Records |
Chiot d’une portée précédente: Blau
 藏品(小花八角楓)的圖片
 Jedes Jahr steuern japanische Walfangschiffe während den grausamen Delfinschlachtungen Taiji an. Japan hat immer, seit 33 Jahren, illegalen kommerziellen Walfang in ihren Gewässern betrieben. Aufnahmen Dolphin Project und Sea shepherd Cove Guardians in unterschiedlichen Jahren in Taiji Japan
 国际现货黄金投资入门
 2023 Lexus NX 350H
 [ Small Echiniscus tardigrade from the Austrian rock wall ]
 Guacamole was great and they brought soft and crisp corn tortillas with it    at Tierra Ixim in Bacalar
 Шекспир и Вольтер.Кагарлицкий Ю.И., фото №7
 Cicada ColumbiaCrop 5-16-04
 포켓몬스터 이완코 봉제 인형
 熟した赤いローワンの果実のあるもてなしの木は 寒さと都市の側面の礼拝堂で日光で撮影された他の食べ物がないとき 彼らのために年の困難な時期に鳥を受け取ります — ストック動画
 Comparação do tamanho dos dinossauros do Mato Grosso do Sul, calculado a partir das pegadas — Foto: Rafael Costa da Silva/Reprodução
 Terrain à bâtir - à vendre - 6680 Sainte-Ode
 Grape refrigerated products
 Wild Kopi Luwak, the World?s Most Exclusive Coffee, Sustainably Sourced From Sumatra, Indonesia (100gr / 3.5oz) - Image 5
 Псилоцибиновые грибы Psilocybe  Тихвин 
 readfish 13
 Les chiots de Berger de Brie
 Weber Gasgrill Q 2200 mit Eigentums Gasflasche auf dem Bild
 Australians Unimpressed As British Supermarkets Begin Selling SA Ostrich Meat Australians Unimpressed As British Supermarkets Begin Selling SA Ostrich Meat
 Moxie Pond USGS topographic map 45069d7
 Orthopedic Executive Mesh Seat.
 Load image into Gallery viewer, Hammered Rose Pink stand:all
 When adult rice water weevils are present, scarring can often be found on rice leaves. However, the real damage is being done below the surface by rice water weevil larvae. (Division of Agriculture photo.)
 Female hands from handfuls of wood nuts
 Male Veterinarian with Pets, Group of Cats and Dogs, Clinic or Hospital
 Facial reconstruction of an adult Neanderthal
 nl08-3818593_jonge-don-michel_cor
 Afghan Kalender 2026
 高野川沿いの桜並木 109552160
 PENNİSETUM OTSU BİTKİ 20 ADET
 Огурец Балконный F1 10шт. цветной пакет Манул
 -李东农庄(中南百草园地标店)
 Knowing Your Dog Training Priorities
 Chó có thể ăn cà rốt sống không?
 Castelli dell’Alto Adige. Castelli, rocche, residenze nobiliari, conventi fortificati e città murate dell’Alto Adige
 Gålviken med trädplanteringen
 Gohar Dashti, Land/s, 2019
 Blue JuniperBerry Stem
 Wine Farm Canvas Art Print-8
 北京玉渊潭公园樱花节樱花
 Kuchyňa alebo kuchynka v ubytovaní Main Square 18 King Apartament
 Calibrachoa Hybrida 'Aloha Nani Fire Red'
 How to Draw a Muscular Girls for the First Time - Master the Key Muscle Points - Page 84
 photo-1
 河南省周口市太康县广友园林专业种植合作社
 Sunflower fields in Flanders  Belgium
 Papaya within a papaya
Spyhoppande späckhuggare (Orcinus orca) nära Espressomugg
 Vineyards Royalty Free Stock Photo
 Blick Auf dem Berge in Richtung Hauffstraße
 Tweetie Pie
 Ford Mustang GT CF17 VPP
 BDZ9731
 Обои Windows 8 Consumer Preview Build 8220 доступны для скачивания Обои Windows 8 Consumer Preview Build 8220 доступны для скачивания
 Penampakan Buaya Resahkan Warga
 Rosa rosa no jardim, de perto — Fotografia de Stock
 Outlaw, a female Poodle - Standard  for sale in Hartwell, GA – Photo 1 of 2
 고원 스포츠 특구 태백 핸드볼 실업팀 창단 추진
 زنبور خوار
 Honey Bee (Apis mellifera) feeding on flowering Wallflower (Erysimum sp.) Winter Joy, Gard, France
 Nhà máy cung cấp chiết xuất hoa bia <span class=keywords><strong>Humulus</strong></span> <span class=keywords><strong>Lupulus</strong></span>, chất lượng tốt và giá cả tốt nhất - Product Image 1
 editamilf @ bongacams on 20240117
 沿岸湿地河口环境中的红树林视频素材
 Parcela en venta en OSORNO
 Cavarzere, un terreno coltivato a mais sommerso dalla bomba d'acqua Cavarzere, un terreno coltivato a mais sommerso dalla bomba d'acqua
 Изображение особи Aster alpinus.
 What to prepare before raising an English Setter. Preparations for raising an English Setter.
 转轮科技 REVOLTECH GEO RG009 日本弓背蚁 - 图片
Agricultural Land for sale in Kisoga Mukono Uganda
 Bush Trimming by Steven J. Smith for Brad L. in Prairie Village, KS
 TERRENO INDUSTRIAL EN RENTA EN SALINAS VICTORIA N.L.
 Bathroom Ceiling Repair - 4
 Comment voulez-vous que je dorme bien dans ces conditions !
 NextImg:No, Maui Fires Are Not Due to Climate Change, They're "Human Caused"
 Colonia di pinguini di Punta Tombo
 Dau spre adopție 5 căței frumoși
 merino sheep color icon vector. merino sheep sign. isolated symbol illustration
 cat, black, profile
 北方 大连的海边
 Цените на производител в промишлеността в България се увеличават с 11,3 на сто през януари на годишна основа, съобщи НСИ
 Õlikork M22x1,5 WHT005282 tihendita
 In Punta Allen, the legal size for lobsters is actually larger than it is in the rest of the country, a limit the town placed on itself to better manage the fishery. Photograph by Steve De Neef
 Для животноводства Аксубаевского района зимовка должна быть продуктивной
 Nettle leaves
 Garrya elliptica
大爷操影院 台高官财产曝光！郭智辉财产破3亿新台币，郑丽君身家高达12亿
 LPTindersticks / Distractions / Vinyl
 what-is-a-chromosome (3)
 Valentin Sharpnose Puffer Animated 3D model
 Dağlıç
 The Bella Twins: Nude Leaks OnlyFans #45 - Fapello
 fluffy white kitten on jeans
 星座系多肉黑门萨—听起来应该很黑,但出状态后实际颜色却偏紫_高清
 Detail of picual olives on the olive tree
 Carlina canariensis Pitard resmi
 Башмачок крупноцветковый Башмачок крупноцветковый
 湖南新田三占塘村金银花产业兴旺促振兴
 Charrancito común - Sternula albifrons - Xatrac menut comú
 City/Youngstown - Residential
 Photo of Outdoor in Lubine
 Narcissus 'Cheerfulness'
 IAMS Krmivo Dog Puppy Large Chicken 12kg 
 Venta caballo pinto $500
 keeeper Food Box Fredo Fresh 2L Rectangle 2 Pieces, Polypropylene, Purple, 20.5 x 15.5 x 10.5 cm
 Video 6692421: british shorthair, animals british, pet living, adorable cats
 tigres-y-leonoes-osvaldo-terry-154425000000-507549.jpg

Assigned task | Show all lines from the entries that hold "leaves".

Expected answer |
 When adult rice water weevils are present, scarring can often be found on rice leaves. However, the real damage is being done below the surface by rice water weevil larvae. (Division of Agriculture photo.)
 Nettle leaves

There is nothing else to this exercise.